"Bener juga sih, kayaknya Mamah terlalu maksain kamu deh. Seharusnya Mamah jangan terlalu maksain kamu buat jadi guru! Mulai sekarang terserah kamu deh, asalkan menjadi yang lebih baik," Ucap Mamah dengan senyum di bibirnya, sambil menengok ke arah Jajang.
"Nggak usah minta maaf mah, Jajang juga yang salah, tapi Mah, terima kasih, " Ucap Jajang dengan wajah senang.
"Iya, mau salah gk salah, kita minta maaf aja, intinya kita harus saling memaafkan," Ucap Mamahnya.
"Ya mah, bener juga, terima kasih ya Mah. Tapi," Ucap Jajang.
"Kalau Ayah gimana?. Ayah Setuju gak?" Tanya Jajang dengan wajahnya yang ragu.
"Benar sih kata Mamah. Ayah setuju dengan omongan Mamah. Kalau Ayah setuju aja, tapi Ayah mau nanya nih, emangnya kamu udah punya tujuan?" Jawab Ayah dengan wajah serius.
"Belum tahu sih, mau kemana nanti, tapi Jajang usahakan secepatnya Jajang bakal nemuin tujuan Jajang, untuk kedepannya mau jadi apa," Ucap Jajang dengan raut muka yang pura-pura bahagia.

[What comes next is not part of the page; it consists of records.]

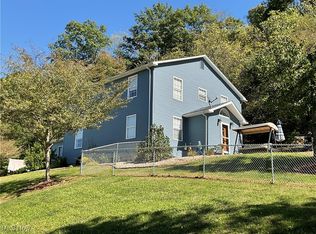 5256 Ravenswood Rd, Ravenswood, WV 26164
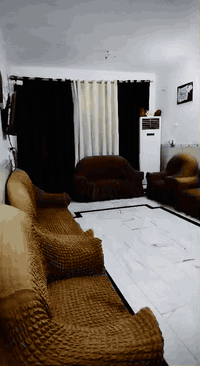 دار سكني للبيع...حي الزهور.قريب عل الشارع الرئيسي للبريد.
طابو صرف 250 متر ...
يتكون من غرفتين +صالة +صحيات داخلي وخارجية +مطبخ+استقبال+كراج سيارة وحديقة ومخزن خارجي أرضية مرمر تركي سطح شتايكر بناء حديث... للاستفسار الاتصال عل الرقم ***********
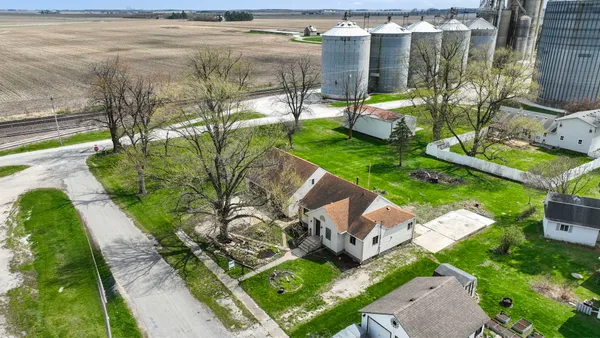 $164,987 | 105 Seiler Street, Martinton, IL 60951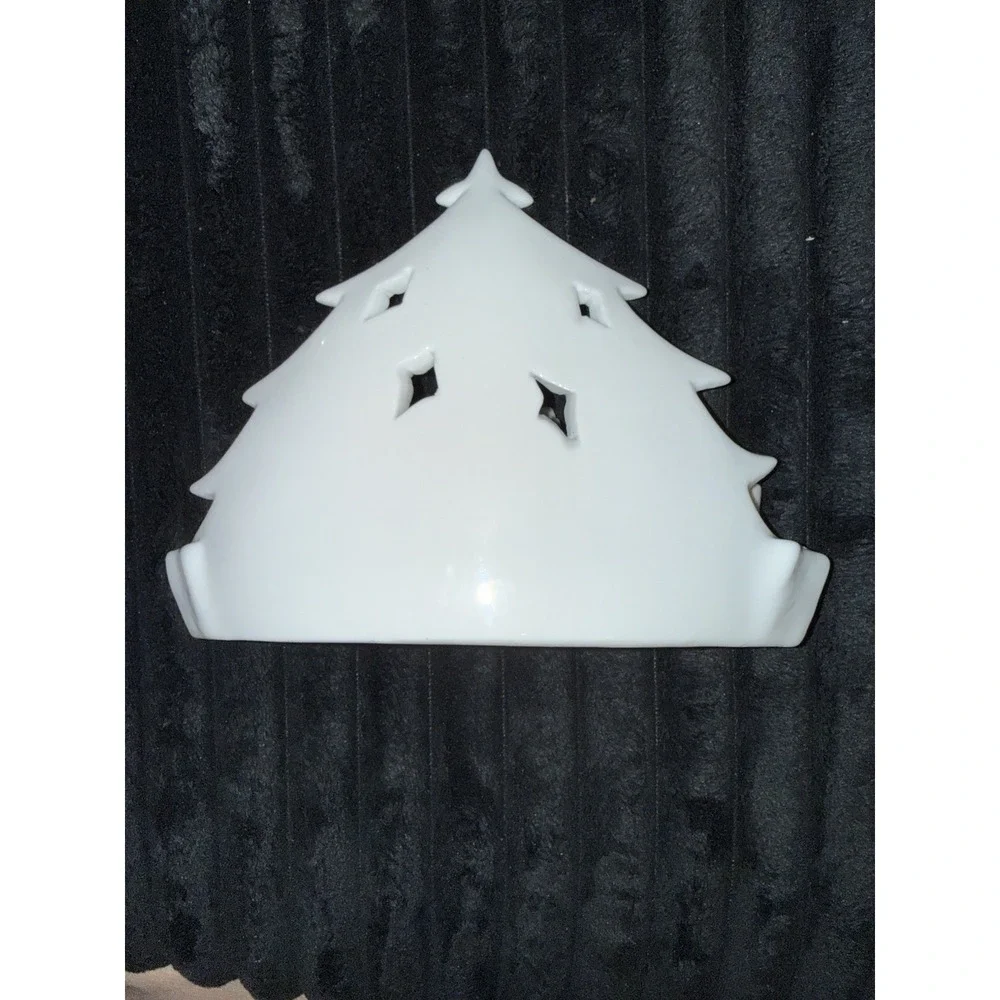 Nativity Scene Candle Holder : Ceramic -9"x7" - Gold And White - Picture 2 of 5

Ayah ingin bertanya, kenapa kamu berhenti bermain bola, padahal dulu kamu sering sekali bermain bola. Apa karena Ayah menyuruh kamu untuk menjadi guru? "Tanya Ayah dengan senyum di wajahnya.
"Bukan karena Ayah, bukan karena Mamah juga, waktu itu banyak orang yang bilang, kalau misalnya jadi pemain bola itu nggak enak Nanti tuh katanya bisa, tangan patah, kaki patah, kesamber petir. Nah dari situ, jadi males main bola," Jawab Jajang dengan wajah pura-pura bahagia.
"Hahaha.. Kamu lucu banget sih, itu namanya resiko lah, setiap kegiatan atau hal lainnya, pasti punya resiko. Ayahkan guru, Ayah harus sabar mengajar murid - murid lainnya, itu resiko guru. Ayah jadi suami Mamah kamu, Ayah harus menjaga Mamah dan juga kamu, itu juga salah satu resiko. Kamu gimana sih," Ucap Ayahnya.